■ Your objective:
Print, exactly and completely, every entry in the data.

■ Task material:
■ ■ ■ ■ ■

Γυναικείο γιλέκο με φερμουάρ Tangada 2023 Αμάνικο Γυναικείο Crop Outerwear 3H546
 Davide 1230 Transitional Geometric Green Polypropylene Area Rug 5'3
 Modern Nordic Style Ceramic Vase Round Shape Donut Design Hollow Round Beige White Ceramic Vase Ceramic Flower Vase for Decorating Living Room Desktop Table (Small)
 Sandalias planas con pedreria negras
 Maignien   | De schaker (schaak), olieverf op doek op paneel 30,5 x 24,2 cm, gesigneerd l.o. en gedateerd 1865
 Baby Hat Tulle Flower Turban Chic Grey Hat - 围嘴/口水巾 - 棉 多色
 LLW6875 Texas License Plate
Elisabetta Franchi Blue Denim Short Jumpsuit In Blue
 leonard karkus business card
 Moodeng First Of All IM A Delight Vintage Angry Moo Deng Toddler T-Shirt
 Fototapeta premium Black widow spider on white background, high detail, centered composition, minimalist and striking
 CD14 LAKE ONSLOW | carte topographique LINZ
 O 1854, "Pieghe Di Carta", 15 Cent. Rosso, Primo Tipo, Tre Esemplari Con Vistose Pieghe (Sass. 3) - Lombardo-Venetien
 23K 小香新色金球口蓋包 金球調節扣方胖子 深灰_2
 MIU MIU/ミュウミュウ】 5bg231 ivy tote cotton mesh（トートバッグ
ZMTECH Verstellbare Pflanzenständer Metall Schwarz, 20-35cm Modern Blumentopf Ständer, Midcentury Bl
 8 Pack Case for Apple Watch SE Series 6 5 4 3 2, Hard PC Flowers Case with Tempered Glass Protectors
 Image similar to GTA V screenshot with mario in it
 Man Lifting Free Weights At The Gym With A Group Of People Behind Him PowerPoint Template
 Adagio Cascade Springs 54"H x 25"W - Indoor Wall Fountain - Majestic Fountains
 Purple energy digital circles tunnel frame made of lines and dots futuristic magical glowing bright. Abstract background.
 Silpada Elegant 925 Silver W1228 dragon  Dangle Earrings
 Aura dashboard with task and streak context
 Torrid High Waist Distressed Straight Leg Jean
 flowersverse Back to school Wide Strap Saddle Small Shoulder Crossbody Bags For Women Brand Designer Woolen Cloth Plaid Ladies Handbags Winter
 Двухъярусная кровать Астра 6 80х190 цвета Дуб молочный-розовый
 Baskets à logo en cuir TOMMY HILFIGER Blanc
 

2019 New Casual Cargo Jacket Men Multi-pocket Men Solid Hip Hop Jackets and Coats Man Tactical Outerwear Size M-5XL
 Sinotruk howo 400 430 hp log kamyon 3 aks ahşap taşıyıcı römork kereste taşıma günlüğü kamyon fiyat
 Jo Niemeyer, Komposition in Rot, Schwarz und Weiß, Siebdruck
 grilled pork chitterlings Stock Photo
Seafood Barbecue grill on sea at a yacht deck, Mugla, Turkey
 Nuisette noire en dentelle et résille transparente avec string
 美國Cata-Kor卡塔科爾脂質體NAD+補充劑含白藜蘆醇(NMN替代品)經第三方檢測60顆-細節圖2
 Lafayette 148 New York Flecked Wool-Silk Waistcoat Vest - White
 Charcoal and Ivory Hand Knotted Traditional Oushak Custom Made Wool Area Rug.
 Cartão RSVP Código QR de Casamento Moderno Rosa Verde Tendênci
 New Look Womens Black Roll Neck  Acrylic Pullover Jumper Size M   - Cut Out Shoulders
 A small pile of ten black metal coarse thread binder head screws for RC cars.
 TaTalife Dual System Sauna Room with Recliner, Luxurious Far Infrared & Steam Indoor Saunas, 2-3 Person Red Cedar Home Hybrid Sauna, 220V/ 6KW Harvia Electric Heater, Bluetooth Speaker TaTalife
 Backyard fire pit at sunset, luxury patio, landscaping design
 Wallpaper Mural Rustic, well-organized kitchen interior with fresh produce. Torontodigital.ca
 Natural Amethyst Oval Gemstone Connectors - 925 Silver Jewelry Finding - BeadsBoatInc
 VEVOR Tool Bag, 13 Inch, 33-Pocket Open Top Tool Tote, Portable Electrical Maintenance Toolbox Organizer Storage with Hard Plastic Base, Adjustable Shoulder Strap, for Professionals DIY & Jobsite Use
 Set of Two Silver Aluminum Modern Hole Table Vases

■ ■ ■ ■ ■

■ Reply:
Γυναικείο γιλέκο με φερμουάρ Tangada 2023 Αμάνικο Γυναικείο Crop Outerwear 3H546
 Davide 1230 Transitional Geometric Green Polypropylene Area Rug 5'3
 Modern Nordic Style Ceramic Vase Round Shape Donut Design Hollow Round Beige White Ceramic Vase Ceramic Flower Vase for Decorating Living Room Desktop Table (Small)
 Sandalias planas con pedreria negras
 Maignien   | De schaker (schaak), olieverf op doek op paneel 30,5 x 24,2 cm, gesigneerd l.o. en gedateerd 1865
 Baby Hat Tulle Flower Turban Chic Grey Hat - 围嘴/口水巾 - 棉 多色
 LLW6875 Texas License Plate
Elisabetta Franchi Blue Denim Short Jumpsuit In Blue
 leonard karkus business card
 Moodeng First Of All IM A Delight Vintage Angry Moo Deng Toddler T-Shirt
 Fototapeta premium Black widow spider on white background, high detail, centered composition, minimalist and striking
 CD14 LAKE ONSLOW | carte topographique LINZ
 O 1854, "Pieghe Di Carta", 15 Cent. Rosso, Primo Tipo, Tre Esemplari Con Vistose Pieghe (Sass. 3) - Lombardo-Venetien
 23K 小香新色金球口蓋包 金球調節扣方胖子 深灰_2
 MIU MIU/ミュウミュウ】 5bg231 ivy tote cotton mesh（トートバッグ
ZMTECH Verstellbare Pflanzenständer Metall Schwarz, 20-35cm Modern Blumentopf Ständer, Midcentury Bl
 8 Pack Case for Apple Watch SE Series 6 5 4 3 2, Hard PC Flowers Case with Tempered Glass Protectors
 Image similar to GTA V screenshot with mario in it
 Man Lifting Free Weights At The Gym With A Group Of People Behind Him PowerPoint Template
 Adagio Cascade Springs 54"H x 25"W - Indoor Wall Fountain - Majestic Fountains
 Purple energy digital circles tunnel frame made of lines and dots futuristic magical glowing bright. Abstract background.
 Silpada Elegant 925 Silver W1228 dragon  Dangle Earrings
 Aura dashboard with task and streak context
 Torrid High Waist Distressed Straight Leg Jean
 flowersverse Back to school Wide Strap Saddle Small Shoulder Crossbody Bags For Women Brand Designer Woolen Cloth Plaid Ladies Handbags Winter
 Двухъярусная кровать Астра 6 80х190 цвета Дуб молочный-розовый
 Baskets à logo en cuir TOMMY HILFIGER Blanc
 

2019 New Casual Cargo Jacket Men Multi-pocket Men Solid Hip Hop Jackets and Coats Man Tactical Outerwear Size M-5XL
 Sinotruk howo 400 430 hp log kamyon 3 aks ahşap taşıyıcı römork kereste taşıma günlüğü kamyon fiyat
 Jo Niemeyer, Komposition in Rot, Schwarz und Weiß, Siebdruck
 grilled pork chitterlings Stock Photo
Seafood Barbecue grill on sea at a yacht deck, Mugla, Turkey
 Nuisette noire en dentelle et résille transparente avec string
 美國Cata-Kor卡塔科爾脂質體NAD+補充劑含白藜蘆醇(NMN替代品)經第三方檢測60顆-細節圖2
 Lafayette 148 New York Flecked Wool-Silk Waistcoat Vest - White
 Charcoal and Ivory Hand Knotted Traditional Oushak Custom Made Wool Area Rug.
 Cartão RSVP Código QR de Casamento Moderno Rosa Verde Tendênci
 New Look Womens Black Roll Neck  Acrylic Pullover Jumper Size M   - Cut Out Shoulders
 A small pile of ten black metal coarse thread binder head screws for RC cars.
 TaTalife Dual System Sauna Room with Recliner, Luxurious Far Infrared & Steam Indoor Saunas, 2-3 Person Red Cedar Home Hybrid Sauna, 220V/ 6KW Harvia Electric Heater, Bluetooth Speaker TaTalife
 Backyard fire pit at sunset, luxury patio, landscaping design
 Wallpaper Mural Rustic, well-organized kitchen interior with fresh produce. Torontodigital.ca
 Natural Amethyst Oval Gemstone Connectors - 925 Silver Jewelry Finding - BeadsBoatInc
 VEVOR Tool Bag, 13 Inch, 33-Pocket Open Top Tool Tote, Portable Electrical Maintenance Toolbox Organizer Storage with Hard Plastic Base, Adjustable Shoulder Strap, for Professionals DIY & Jobsite Use
 Set of Two Silver Aluminum Modern Hole Table Vases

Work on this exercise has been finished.